Ebbene, com’era facile prevedere – anche se in meteorologia mai nulla è scontato – apprendiamo da Copernicus che nel corso delle ultime settimane c’è stato un forte recupero dell’ozono stratosferico su tutta la regione artica.
Tornando un attimo al Vortice Polare, non possiamo non ricordare quanto accaduto in questo mese di aprile: la temperatura nella stratosfera polare è aumentata considerevolmente, portando evidentemente allo smantellamento della struttura ciclonica semi-permanente.
Sino a quel momento eravamo in presenza di un Vortice Polare più forte rispetto agli ultimi anni, il ché ha favorito il mantenimento di temperature stratosferiche attorno a -80°C sul Polo Nord.
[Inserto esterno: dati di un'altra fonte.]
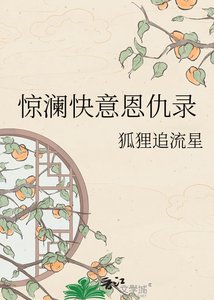 《惊澜快意恩仇录》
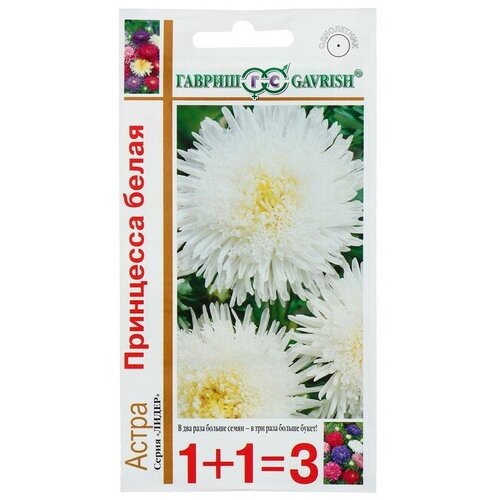 ���������� ������ ������ ������ ����� 1+1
La circolazione zonale scorreva intorno al Polo Nord instancabilmente per settimane, intrappolando l’aria fredda all’interno del vortice polare e causando in tal modo la distruzione dello strato di ozono stratosferico.
Da metà marzo, invece, lo scenario è cambiato preparandosi a quel meccanismo di distruzione del Vortice Polare che prende il nome di “Final Warming” (letteralmente riscaldamento finale). Evoluzione che sta determinando, finalmente, quella dinamicità atmosferica che ci serviva per riportare precipitazioni degne di tal nome.
Il vortice in progressivo indebolimento ha innescato una “rottura” del jet stream polare che così facendo ha potuto inserire – tramite ondulazioni più o meno pronunciate – depressioni anche a latitudini più temperate. In altre parole, il contrario di ciò che è accaduto quasi senza sosta tra novembre e febbraio.